Just blocks from here, at the Men's Central Jail, deputies are accused of beating and choking inmates without provocation, harassing visitors, then conspiring to cover it all up. In the indictments last fall, federal prosecutors portrayed a "culture of corruption" inside the agency.
"The bottom line is, I think you need to have people looking over your shoulder, and knowing what you're doing in order to make sure those cliques don't develop, that you don't get a group of people in the jail who think of themselves more as a gang than as deputy sheriffs," says Huntsman. "That's when you don't have that light shining that that happens."
That "light" is really the only tool that Huntsman will have. Unlike a police chief in a big city who answers to the mayor or a civilian commission, LA's sheriff is elected and enjoys a lot of autonomy. Huntsman can only present his findings and recommend reforms.
So far he's gotten a warm welcome and promises of cooperation — but it's early.
"They really, really want to respond to all these problems," says Huntsman, "as they should. I mean, there are federal indictments on the table, there's talk of a federal consent decree, or a memorandum of understanding."
Just after those indictments were announced, Sheriff Lee Baca, who had held the post since 1998, abruptly retired. There is currently an interim sheriff, and for the first time in decades, there's also a competitive campaign for his replacement. The race routinely makes headlines. Huntsman says all this publicity is to his advantage — this is the moment to start changing things.
He, too, is no stranger to the TV cameras. While deputy district attorney here, he built his career on high-profile public corruption trials, including prosecuting town leaders in Bell, Calif.
"Every single political corruption case I've ever done has been fundamentally a problem of the public not knowing what's going on, and not being engaged," he says.
But remember, Huntsman can't prosecute anyone in his new role. And another challenge? The Los Angeles County Sheriff's Department is a massive bureaucracy. It runs the largest municipal jail system in the U.S., and has 20,000 employees, including 10,000 sworn deputies.
"I think it'd be a mistake to say: Can Mr. Huntsman be the silver bullet to reform the sheriff's department? I don't think anybody, or any entity, can," says Peter Eliasberg, legal director of the ACLU of Southern California. His group wrote a damning report in 2011 that first detailed widespread corruption and civil rights abuses inside the jails. He says that for too long, problems festering within the department were ignored, not just by higher-ups in the sheriff's department, but also by county leaders.
"And as a result we have a national embarrassment for the county of Los Angeles that's costing the taxpayers tens of millions of dollars a year in verdicts against the Sheriff's Department; it's got the Department of Justice breathing down the sheriff department's neck," Eliasberg says.

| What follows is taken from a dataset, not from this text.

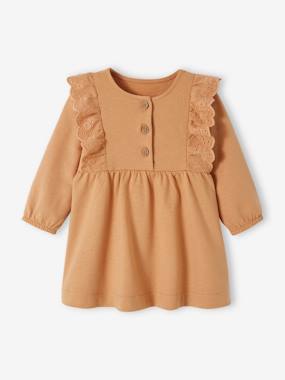 Baby-Fleece Dress, Broderie Anglaise Ruffle, for Babies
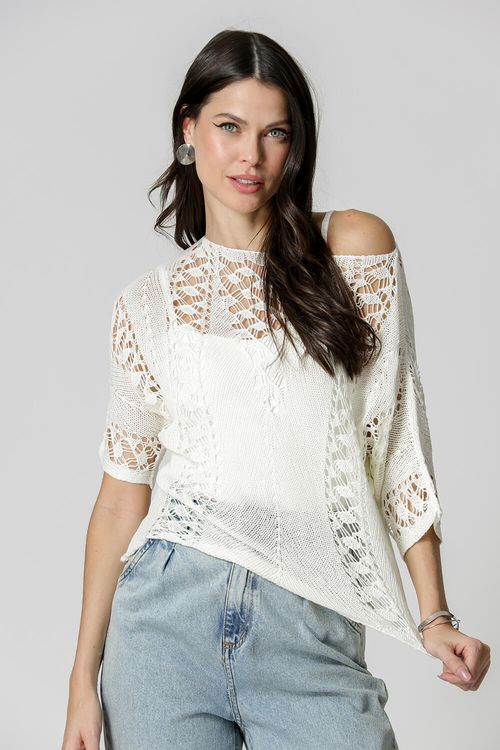 Blusa Retilínea Vazada - Off White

There have been calls for the creation of an independent commission in addition to the new inspector general to oversee the sheriff. Observers like Eliasberg say that if Max Huntsman is the man for now, his success will depend on how aggressive he is.
For his part, Huntsman is reluctant to point fingers, and he's taking the long view. He says the federal indictments will help weed out a few bad apples, but constant monitoring over the long haul is the only way to bring about true reforms.
"If we think we can fix this problem and walk away, and a year from now just ignore how things operate, we're going to end up with the same problems again down the road."